Structural conversions of molybdenum-iron-sulfur edge-bridged double cubanes and P(n)-type clusters topologically related to the nitrogenase P-cluster.

Edge-bridged Mo-Fe-S double cubanes are versatile precursors for the synthesis of other clusters of the same nuclearity. Thus, the double cubane [(Tp)(2)Mo(2)Fe(6)S(8)(PEt(3))(4)] sustains terminal ligand substitution with retention of the Mo(2)Fe(6)(micro(3)-S)(6)(micro(4)-S)(2) core structure and rearrangement to the Mo(2)Fe(6)(micro(2)-S)(2)(micro(3)-S)(6)(micro(6)-S) topology of the nitrogenase P(N) cluster upon reaction with certain nucleophiles. Four distinct processes for the conversion of double cubanes to P(N)-type clusters are documented, affording the products [(Tp)(2)Mo(2)Fe(6)S(9)(SR)(2)](3)(-), [(Tp)(2)Mo(2)Fe(6)S(8)(OMe)(3)](3)(-), and [(Tp)(2)Mo(2)Fe(6)S(7)(OMe)(4)](2)(-). In the latter clusters, two methoxides are terminal ligands and one or two are micro(2)-bridging ligands. The reverse transformation of a P(N)-type cluster to an edge-bridged double cubane has been demonstrated by the reaction of [(Tp)(2)Mo(2)Fe(6)S(8)(OMe)(3)](3)(-) with Me(3)SiX to afford [(Tp)(2)Mo(2)Fe(6)S(8)X(4)](2)(-) (X = Cl(-), Br(-)). Edge-bridged double cubanes have been obtained in the oxidation states [Mo(2)Fe(6)S(8)](2+,3+,4+). The stable oxidation state of P(N)-type clusters is [Mo(2)Fe(6)S(9)](+). Structures of five double cubanes and four P(N)-type clusters are reported.

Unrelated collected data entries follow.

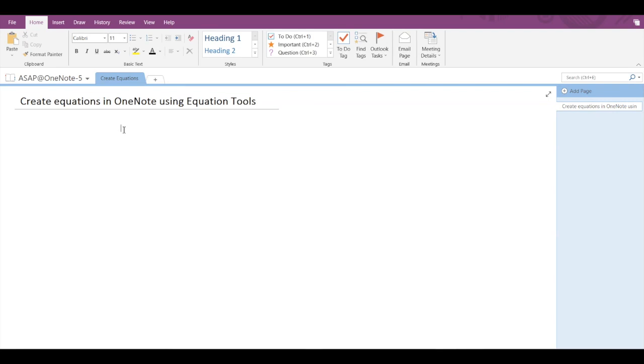Hello guys, today we are going to learn how to create equations in Microsoft OneNote using the equation tools. Basically, you have to choose from a library of mathematical symbols and structures to build different types of equations.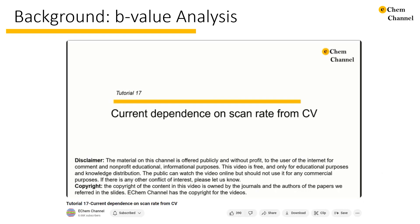This work is principally concerned with the practice of B-value analysis, which has actually been covered previously on this channel. I recommend checking out tutorial 17 as a complement to this video.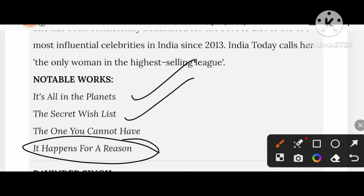In my next class, I will explain about other eminent, prominent, and distinguished writers and their creations in English literature. Today we discussed Indian English literature. Thanks a lot.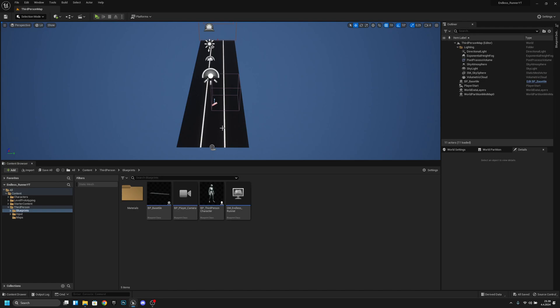Hello it's GemGames here once again and in this video we are going to increase the players running speed every second. So yeah let's get started.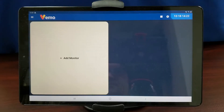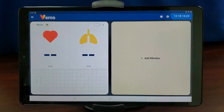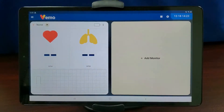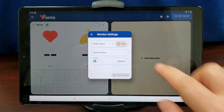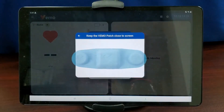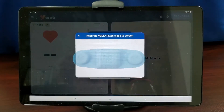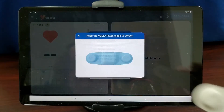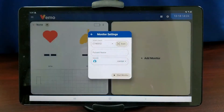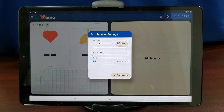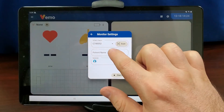Tap Plus Add Monitor. Tap the Play icon. Press the Scan button from the monitor settings. Hold the Vemo sensor against the screen. Follow the directions. It may ask you to put the Vemo sensor closer to the screen, or it may ask you to move the Vemo sensor away from the screen. When it is successfully connected, it will say Done on the screen.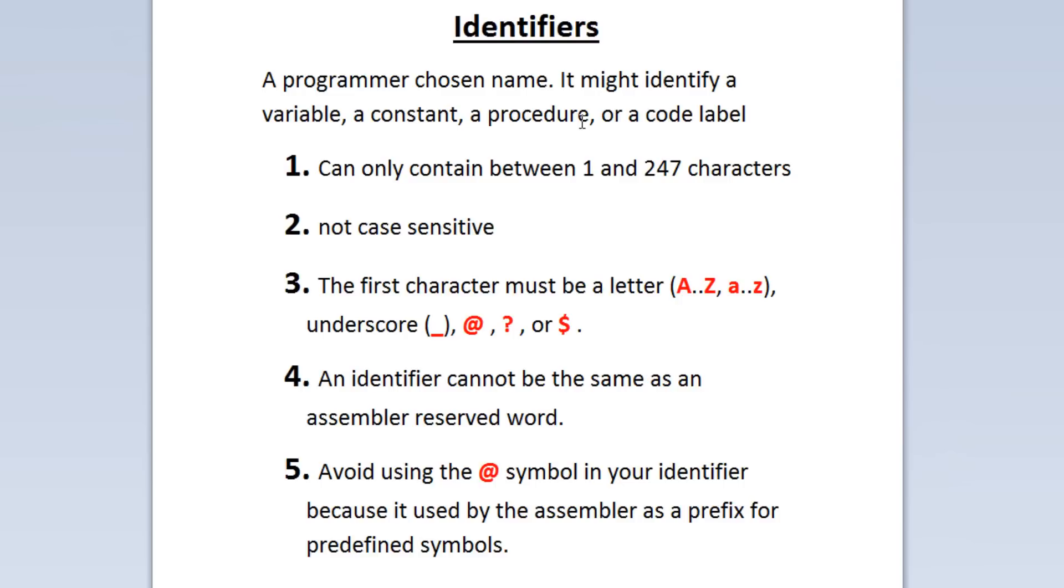The first character must be a letter from capital A to capital Z or from lowercase a to lowercase z, or an underscore, an at symbol, a question mark, or a dollar sign.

The P(N)-type clusters are synthetic representations of the biologically unique topology of the native P(N) cluster. Best-fit superpositions of the native and synthetic cluster cores gives weighted rms deviations in atom positions of 0.20-0.38 A. This study and an earlier investigation (Zhang, Y.; Holm, R. H. J. Am. Chem. Soc. 2003, 125, 3910-3920) provide a comprehensive account of the synthesis of structural analogues of the native P(N) cluster and provide the basis for continuing investigation of the synthesis of weak-field Mo-Fe-S clusters related to nitrogenase. (Tp = tris(pyrazolyl)hydroborate(1-).)